Advantages and Disadvantages of Tenure
In the debate over tenure, there are many arguments stated by defenders
and opponents of the issue. This section of the paper will introduce some
of the common advantages and disadvantages presented by each side.
Advantages
To the defenders of tenure, its predominant function is to safeguard the
public welfare by protecting academic freedom while assuring academic
accountability (Smith, p. 77). Freedom in research, freedom in teaching,
freedom in publication, and freedom in learning are all indispensable to
the ultimate objectives of an educational institution. Tenure serves as a
protection of academic freedom and represents a shared commitment among
members of the university community. Tenure is granted only after a
professor displays a commitment to teaching, scholarship, and university
service. Tenure is a means by which professors can protect themselves, at
least partially, from the uncertainties that inevitably emerge when
management decisions are made by a continually changing group of
professors who may shift their political alignments. In short, tenure is
a form of job protection professors have from their colleagues and the
special problems created with an academic democracy.
Proponents of tenure also stated that once tenured, a faculty member
becomes an intellectual leader of the university community. They are able
to provide expertise, stability, and direction to the university's
academic programs. It is felt that faculty authority to define faculty
positions, conduct searches, and make decisions about curricular changes
would be significantly undermined if tenure were not in place. Tenured
faculty are motivated by a pride in their profession, a sense of
responsibility and a recognition that they are the real "owners" of the
college (Cotter, 1995).
Stability of employment is seen as another advantage of the tenure
system. Professors themselves feel that a largely temporary and untenured
faculty will cause a working environment of hostility and disrespect.
These working conditions cannot present students with new and challenging
perspectives. "Tenure, as a visible manifestation of university
commitment to the faculty member, offers an assurance of career continuity
which facilitates reciprocal faculty commitment to the long-term study and
research programs by which the frontiers of knowledge are expanded"
(Smith, 79).
Tenure is also construed as a practical means employed by university
administrators and board members to induce faculty members to honestly
judge the potential of prospective professors. In effect, university
officials and board members "strike a bargain", with varying degrees of
credibility, with professors. If professors bring in prospectives that
are better than they are, they will not be fired. Tenure is a means of
putting limits on political infighting. It increases the cost predatory
faculty members must incur to be successful in having more productive
colleagues dismissed. More importantly, academic decisions on the worth
of colleagues and their work often are made by the rules of consensus or
democracy among existing incumbents. In essence, tenure can be seen as a
measure of contractual protection against getting fired.
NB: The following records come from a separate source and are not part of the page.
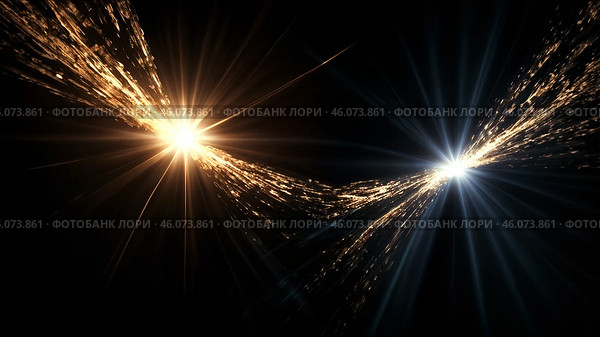Abstract lighting, digital lens flare in black background, sun rays light isolated for overlay design, light of radiance. Abstract illustration, wallpaper. Create backdrop concept. Copy ad text space. Стоковое AI-изображение, AI-художник Aleksandr Golubev / Фотобанк Лори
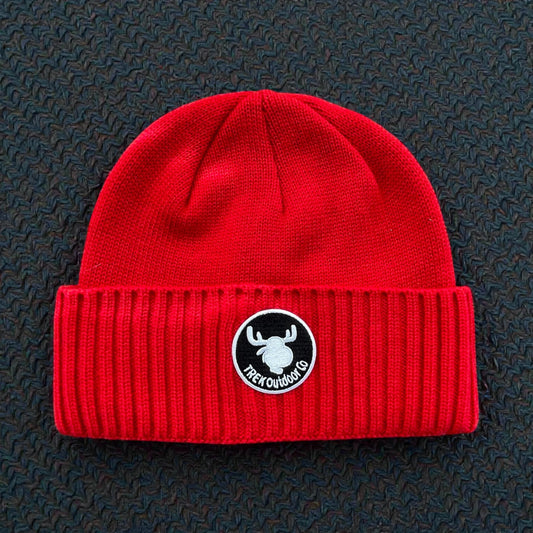 Trek Outdoor Co. Special Edition FItted Cuffed Beanie –  Red
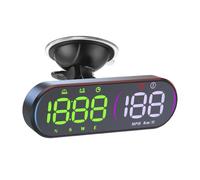 ELLENNE HUD Écran GPS Affichage Vitesse Voiture Moto Tachymètre Numérique G26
Stability of employment expectations, for individuals of demonstrated
competence, tends to enhance the attractiveness of the teaching profession
and may induce highly qualified persons to pursue a teaching career in
lieu of more lucrative pursuits. Many colleges and universities feel that
if a tenure system were not in place they simply could not compete for the
best and brightest graduate students who prefer appointments at colleges
where tenure is possible. Moreover, if tenure fell out of favor
everywhere this might reduce the number of people going to college
teaching because relatively low salaries combined with no job security
would make teaching less attractive. Tenure may, in fact, enable colleges
to attract and hold very able people for less money, since they have the
benefit of lifetime job security.
Disadvantages
The most prominent criticism against tenure is that it may result in job
security for professors who are poor teachers. Some fear that once a
professor gains tenure he or she will go into neutral and stop producing.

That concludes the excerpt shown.